Un experto en meteorología del AEMET, Mario Picazo, advirtió: “Estas inundaciones no son solo agua; llevan escombros, corrientes subterráneas y riesgos eléctricos. Posicionarse en el centro es equivalente a desafiar una fuerza de la naturaleza que ha causado tragedias históricas, como las inundaciones de Biescas en 1996, donde murieron 87 personas”.
Fuentes cercanas a RTVE, un alto cargo anónimo, reveló: “La presión por audiencias es inmensa. Con competidores privados captando shares con coberturas dramáticas, se opta por lo impactante. Pero esto podría costarnos caro en términos de reputación”.
Ciudadanos anónimos de Grazalema agregaron: “Vimos a la reportera luchando contra el agua mientras nosotros evacuábamos. Es heroico, pero innecesario. ¿Por qué no desde una zona elevada?”.
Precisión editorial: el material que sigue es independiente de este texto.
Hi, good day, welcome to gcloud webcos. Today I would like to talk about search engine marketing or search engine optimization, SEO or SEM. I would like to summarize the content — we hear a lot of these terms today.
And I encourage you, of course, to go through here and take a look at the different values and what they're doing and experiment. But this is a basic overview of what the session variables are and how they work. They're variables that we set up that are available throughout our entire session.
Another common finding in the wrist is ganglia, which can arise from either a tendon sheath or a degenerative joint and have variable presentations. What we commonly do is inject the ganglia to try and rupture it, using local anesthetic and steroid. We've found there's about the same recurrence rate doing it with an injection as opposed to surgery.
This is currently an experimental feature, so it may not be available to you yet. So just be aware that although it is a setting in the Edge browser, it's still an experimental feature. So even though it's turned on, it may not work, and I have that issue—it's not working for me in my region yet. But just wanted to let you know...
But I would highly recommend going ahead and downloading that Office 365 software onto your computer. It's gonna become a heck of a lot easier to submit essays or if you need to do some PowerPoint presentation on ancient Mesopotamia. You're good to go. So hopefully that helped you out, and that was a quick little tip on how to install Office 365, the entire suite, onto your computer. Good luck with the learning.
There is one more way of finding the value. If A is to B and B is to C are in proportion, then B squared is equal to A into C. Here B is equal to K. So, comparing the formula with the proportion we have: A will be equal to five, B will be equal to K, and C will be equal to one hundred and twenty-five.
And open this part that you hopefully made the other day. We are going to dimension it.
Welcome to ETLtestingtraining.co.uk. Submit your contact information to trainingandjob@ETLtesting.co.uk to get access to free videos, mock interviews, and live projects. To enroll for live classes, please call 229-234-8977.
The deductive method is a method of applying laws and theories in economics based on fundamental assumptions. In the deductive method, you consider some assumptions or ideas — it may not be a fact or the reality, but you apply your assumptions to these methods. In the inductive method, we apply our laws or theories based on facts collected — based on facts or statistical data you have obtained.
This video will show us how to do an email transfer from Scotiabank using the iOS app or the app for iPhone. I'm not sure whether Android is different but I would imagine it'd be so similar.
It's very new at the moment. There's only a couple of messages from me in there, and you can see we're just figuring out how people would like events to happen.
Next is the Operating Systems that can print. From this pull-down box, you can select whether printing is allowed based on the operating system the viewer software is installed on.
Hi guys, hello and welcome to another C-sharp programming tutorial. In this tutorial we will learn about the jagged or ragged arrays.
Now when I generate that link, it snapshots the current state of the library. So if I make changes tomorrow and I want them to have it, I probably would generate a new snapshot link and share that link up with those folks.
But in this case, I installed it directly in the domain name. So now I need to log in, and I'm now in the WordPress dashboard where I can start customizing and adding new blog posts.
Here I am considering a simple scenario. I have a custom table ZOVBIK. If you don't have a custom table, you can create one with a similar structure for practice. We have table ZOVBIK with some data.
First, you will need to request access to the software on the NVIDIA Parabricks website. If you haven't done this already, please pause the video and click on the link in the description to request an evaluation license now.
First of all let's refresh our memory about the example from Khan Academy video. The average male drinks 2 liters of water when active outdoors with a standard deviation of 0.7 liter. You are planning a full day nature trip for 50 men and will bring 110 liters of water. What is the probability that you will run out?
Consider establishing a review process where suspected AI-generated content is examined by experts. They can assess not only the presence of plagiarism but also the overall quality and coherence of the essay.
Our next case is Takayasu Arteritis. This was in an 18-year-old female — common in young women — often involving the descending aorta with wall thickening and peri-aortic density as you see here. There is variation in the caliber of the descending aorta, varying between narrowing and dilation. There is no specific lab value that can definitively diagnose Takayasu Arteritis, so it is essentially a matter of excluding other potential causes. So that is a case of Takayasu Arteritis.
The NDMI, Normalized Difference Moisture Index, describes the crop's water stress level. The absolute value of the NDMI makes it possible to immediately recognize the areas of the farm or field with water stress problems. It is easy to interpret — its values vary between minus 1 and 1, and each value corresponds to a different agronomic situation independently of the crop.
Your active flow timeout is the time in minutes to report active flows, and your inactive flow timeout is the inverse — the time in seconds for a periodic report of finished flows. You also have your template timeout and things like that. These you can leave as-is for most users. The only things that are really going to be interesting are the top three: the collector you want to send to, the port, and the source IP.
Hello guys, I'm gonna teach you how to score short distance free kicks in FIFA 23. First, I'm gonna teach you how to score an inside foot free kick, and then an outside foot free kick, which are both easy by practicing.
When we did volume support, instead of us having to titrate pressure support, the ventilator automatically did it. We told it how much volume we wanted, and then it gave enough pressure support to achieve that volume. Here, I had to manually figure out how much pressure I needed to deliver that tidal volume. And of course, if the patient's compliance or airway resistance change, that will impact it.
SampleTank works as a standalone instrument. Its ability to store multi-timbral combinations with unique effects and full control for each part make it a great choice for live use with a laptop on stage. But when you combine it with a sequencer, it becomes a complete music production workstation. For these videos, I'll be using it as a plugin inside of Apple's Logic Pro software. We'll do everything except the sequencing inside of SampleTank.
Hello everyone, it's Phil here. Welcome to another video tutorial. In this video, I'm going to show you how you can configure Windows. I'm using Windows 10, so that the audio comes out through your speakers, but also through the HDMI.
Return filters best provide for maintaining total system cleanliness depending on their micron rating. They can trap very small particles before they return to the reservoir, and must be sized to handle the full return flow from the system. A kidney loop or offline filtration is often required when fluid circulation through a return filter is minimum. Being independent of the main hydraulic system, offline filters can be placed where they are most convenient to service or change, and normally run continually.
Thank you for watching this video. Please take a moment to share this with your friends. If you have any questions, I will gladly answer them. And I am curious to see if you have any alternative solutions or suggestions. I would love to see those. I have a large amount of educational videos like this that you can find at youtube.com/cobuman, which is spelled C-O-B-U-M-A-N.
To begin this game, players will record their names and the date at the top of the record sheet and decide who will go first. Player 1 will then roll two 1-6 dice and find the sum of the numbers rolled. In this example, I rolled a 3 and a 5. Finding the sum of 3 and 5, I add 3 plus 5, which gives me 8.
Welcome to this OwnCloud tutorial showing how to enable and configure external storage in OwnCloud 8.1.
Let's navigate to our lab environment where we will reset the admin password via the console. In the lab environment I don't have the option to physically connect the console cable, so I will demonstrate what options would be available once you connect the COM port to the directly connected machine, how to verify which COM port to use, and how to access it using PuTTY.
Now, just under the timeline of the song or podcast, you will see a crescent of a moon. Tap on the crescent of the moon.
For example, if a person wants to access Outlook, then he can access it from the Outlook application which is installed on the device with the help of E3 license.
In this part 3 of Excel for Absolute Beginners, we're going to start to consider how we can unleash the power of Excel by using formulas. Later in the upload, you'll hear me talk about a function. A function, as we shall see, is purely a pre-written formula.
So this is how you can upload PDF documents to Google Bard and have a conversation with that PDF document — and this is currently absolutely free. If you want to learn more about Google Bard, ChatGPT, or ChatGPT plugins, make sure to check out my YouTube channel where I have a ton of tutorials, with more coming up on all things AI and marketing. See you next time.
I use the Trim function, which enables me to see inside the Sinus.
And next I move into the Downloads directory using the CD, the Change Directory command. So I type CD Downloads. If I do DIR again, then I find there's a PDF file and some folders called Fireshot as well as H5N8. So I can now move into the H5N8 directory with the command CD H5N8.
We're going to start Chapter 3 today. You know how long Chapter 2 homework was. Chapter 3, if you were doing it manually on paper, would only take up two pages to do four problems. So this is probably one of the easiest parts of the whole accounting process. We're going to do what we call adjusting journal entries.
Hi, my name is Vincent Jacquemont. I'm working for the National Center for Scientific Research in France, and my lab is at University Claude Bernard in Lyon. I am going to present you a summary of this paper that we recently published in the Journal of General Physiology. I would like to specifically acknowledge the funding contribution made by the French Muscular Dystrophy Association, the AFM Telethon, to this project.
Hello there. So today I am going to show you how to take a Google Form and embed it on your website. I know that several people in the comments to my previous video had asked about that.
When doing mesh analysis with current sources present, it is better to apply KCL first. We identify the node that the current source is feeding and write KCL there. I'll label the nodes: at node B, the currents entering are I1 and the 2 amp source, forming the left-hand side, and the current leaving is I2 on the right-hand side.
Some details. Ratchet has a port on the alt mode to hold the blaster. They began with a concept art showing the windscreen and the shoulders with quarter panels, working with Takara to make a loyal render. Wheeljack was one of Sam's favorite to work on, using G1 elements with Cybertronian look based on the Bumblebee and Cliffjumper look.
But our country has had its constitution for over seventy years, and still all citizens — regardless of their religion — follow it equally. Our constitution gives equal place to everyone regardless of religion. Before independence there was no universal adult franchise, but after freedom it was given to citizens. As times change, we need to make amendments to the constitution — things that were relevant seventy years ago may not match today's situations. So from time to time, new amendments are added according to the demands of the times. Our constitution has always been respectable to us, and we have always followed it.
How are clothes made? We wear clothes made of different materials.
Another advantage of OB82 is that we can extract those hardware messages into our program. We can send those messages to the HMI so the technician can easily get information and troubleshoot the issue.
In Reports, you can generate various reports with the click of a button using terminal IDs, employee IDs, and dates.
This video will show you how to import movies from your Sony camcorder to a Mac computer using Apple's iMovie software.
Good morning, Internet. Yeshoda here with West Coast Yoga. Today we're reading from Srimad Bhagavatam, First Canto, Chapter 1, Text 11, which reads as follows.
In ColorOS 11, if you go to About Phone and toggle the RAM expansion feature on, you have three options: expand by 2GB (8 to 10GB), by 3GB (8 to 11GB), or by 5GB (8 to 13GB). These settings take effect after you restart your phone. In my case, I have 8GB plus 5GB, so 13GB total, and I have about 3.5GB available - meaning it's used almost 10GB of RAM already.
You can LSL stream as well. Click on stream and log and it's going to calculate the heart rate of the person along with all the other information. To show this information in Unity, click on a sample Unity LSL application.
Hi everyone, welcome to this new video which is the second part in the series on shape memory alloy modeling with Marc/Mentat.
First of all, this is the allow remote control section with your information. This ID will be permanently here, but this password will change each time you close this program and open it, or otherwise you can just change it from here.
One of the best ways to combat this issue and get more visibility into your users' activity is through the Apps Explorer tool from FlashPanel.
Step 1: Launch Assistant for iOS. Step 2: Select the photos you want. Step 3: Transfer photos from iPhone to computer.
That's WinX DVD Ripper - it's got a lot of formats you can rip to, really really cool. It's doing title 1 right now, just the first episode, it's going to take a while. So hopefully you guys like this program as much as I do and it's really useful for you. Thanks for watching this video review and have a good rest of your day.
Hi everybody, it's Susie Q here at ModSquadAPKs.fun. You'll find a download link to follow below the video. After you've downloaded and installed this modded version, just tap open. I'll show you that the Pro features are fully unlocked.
Análisis del impacto en el periodismo y la sociedad
Este incidente en ‘MalasLenguas’ podría alterar el equilibrio ético en el periodismo español durante generaciones. Comparable a crisis históricas como el Watergate, donde la búsqueda de la verdad elevó estándares, aquí el exceso de dramatismo amenaza con degradarlos. Analistas del Observatorio de Medios Públicos Europeos comparan el caso con el escándalo de la BBC en 2021, donde manipulaciones llevaron a dimisiones masivas.
El impacto social es profundo: en una era de cambio climático acelerado, donde Andalucía enfrenta borrascas cada vez más frecuentes, la percepción pública de los medios como guardianes confiables se erosiona. “Esto marca un antes y un después”, afirma la socióloga Elena Martínez de la Universidad de Sevilla. “Si los medios públicos priorizan el riesgo sobre la prudencia, ¿cómo esperar que la ciudadanía tome en serio las alertas climáticas?”.
Económicamente, RTVE podría enfrentar demandas laborales si se demuestra negligencia, con costes estimados en millones de euros. En términos históricos, evoca momentos clave como la cobertura de la erupción del Vesubio en Pompeya, donde observadores perecieron por proximidad excesiva, o más recientemente, las inundaciones en Alemania de 2021, que cobraron vidas de reporteros imprudentes.
El absurdo reside en que, mientras se desalojaban 70 personas por seguridad, una reportera permanecía en el epicentro para narrar lo obvio: el agua destruye todo. Esto cuestiona si el periodismo ha evolucionado hacia un espectáculo gladiatorio, donde el peligro es el verdadero protagonista.
En última instancia, este evento podría impulsar reformas legislativas, exigiendo evaluaciones de riesgo obligatorias para coberturas en vivo, similar a protocolos en industrias de alto riesgo como la minería.
Conclusión
Mientras Grazalema lucha por recuperarse de esta borrasca histórica, el caso de Carmen Osuna en ‘MalasLenguas’ deja una sombra de incertidumbre sobre RTVE. ¿Fue un acto de dedicación periodística o una imprudencia institucional? Las investigaciones en curso determinarán el veredicto, pero el debate ya ha encendido alarmas sobre la delgada línea entre informar y endanger. En un mundo donde el clima se vuelve impredecible, la solemnidad exige que la seguridad no sea sacrificada en el altar de las audiencias. El futuro del periodismo público pende de un hilo, y este hilo podría romperse si no se actúa con la trascendencia que merece.